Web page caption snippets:
= = = = = = =

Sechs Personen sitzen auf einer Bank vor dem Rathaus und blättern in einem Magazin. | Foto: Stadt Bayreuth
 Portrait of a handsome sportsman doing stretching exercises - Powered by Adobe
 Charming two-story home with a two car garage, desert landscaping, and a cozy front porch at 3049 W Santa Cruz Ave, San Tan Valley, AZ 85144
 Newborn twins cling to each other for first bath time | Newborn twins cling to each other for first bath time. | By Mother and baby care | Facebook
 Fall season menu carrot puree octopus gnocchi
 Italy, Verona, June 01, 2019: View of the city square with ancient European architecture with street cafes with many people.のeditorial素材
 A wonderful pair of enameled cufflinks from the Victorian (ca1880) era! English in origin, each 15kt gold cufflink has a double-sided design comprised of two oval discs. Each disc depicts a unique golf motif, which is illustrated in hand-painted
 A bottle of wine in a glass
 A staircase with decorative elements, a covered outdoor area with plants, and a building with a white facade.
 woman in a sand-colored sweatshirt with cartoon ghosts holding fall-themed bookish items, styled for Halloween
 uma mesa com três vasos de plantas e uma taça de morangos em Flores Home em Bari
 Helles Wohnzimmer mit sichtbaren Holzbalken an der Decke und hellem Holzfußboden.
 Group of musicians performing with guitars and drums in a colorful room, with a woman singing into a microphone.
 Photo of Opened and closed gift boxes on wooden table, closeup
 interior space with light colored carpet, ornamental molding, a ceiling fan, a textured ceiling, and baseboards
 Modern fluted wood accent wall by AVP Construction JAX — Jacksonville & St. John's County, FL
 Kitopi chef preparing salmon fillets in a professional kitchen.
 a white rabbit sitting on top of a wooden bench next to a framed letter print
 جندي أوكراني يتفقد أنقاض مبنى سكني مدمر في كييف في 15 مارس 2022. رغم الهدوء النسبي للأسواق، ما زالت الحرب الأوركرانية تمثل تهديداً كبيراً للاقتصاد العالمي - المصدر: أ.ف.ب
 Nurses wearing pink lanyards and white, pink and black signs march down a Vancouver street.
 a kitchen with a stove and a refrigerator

= = = = = = =

▸ **ACTION ITEM**: Out of the data above, give again only the lines starting at the one holding "A bottle of wine in a glass" and ending at the one holding "Photo of Opened", unchanged.

▸ **ANSWER TO THE EXERCISE**:
 A bottle of wine in a glass
 A staircase with decorative elements, a covered outdoor area with plants, and a building with a white facade.
 woman in a sand-colored sweatshirt with cartoon ghosts holding fall-themed bookish items, styled for Halloween
 uma mesa com três vasos de plantas e uma taça de morangos em Flores Home em Bari
 Helles Wohnzimmer mit sichtbaren Holzbalken an der Decke und hellem Holzfußboden.
 Group of musicians performing with guitars and drums in a colorful room, with a woman singing into a microphone.
 Photo of Opened and closed gift boxes on wooden table, closeup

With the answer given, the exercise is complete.